Sunday, August 06, 2006

Intersecting Parallel Lines

The container or nesting approach will work very well if there are only two or three classes that are to be nested.  These two or three classes might be able to handle six or seven stages, although this does seem to violate the separation of responsibilities principle at least a little bit.  If the number of classes got to five or six, I might start to sweat about how I would justify the design in a design review.  At seven or more, I would definitely be looking for a different way to accomplish the goal.  Another issue to consider is whether the stages are linear; that is, does the incoming data always go through the same set of stages?  It is probably less likely, but still possible that there could be two or more valid sequences of stages on the journey to complete and valid data.  Different sub-cultures in your user population may start filling data in a different order.  If that is the case, the application might accomodate those different patterns of data entry.

All of this leads me to the second approach, which I call a conversion technique.  Remember that we want to present a unified interface to the client software.  I take that to mean that the client holds a reference to a single object that implements all of the methods (e.g.,  properties and status functions).  I will call this the Controller class.  Let’s step back for a moment and take an inventory of the functions that we need to handle. 

  • First, we need to perform the logic of the various stages.
  • Second, we need to dispatch the method invocations against the Controller object to the appropriate Stage logic.  In this sense, the Controller is acting as a proxy for the currently active stage.
  • Third, we need to decide if it is time to switch from the current stage to a subsequent stage.  This is not the function of deciding what the next stage is, just recognizing that the decision should be made.
  • Fourth, we need to determine what the next stage should be (once we have recognized the need to switch stages.)
  • Fifth, we need to convert the data from the current stage into the new stage that, in turn, becomes the next current stage object.

As always, the principle of encapsulation tells us that we can pretty much do anything we want “under the covers” in this Controller class.   We could make a single class that handle all of this logic, but what would be the fun in doing that?  Since the main reason that we are considering the “conversion” approach is because of the large number of different stages, I would want to place the logic of each stage in a separate class and define a common interface for each of these stage classes.  This would be either an abstract parent class with a derived child stage class for each stage or an actual interface re-implemented in each of the stage classes.   Which way that you go depends upon how much common logic can reasonably be allocated to the a abstract parent class, the code generation tools that are available, and personal preferences.

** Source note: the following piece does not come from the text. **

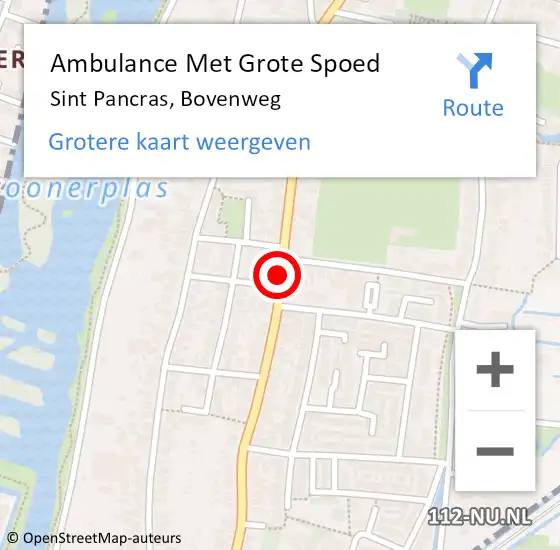 Locatie op kaart van de 112 melding: Ambulance Met Grote Spoed Naar Sint Pancras, Bovenweg op 28 juli 2020 19:18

The Controller class holds a reference to an inner “current” stage object; The Controller class calls methods on this inner stage object; at certain points the reference to this “current” stage reference changes to a different stage object. The Controller class might be as simple as a proxy class that delegates each call to  the current  inner stage object.  In that case, we might implement the “stage object” interface on the Controller.  It is even possible that the Controller is also derived from the parent stage class; keep in mind, however, that at any point in time there must be two distinct instances of objects from this hierarchy: the Contoller (a reference of which is held by the client) and the current stage object (a reference to which is held by the Controller).

We have now made decisions on first and second functional requirements.  The next thing to work on is the third functinal requirement: the triggering mechanism.  We have two issues to consider: where to place the logic to test for the trigger and when to apply that test. 

  • At what point should we decide to test for the possibility of a change of state?  At one end of the spectrum, we could make the test each and every time that any change was made to the data.  At the other end of the spectrum, we could make the test only when there was an indication that the data should be saved.  In the middle, between these two extremes, we might only test when certain values are changed.  An awful lot of this depends upon the specifics of the problem and there’s not a lot more that I can say at this point. 
  • Where should the the test logic for the trigger reside?  Our choices here are the controller and individual stage classes.  If we decide that we want to test every time that a change is made, it might seem that the logical place for the logic would be in the controller.  This is an area that I would want to think about very carefully because, it is very likely that each of the stage objects would have to be involved in deciding whether it was time for a stage transition.  There’s also a question about how we would go about communicating that the stage object was ready to transition.  The stage object could raise an event that is handled by the Controller object, but keep in mind that this would be its last act before dying.  I would want take special care to deal with the event linkages so that the dead stage object could be garbage collected.  While it is possible I might go in a different direction, the most likely combination would be to include a method in each of the stage classes that would determine if it was ready for transition and add logic to each of the “change” methods in the controller class to inquire of the stage class after it had been modified if it were ready to transition.  That way I could write optimized code in each of the stages that could quickly detect conditions that would prevent a transition and exit, returning a “not ready for transition” status.  This just seems to me to be the most “uncluttered” approach.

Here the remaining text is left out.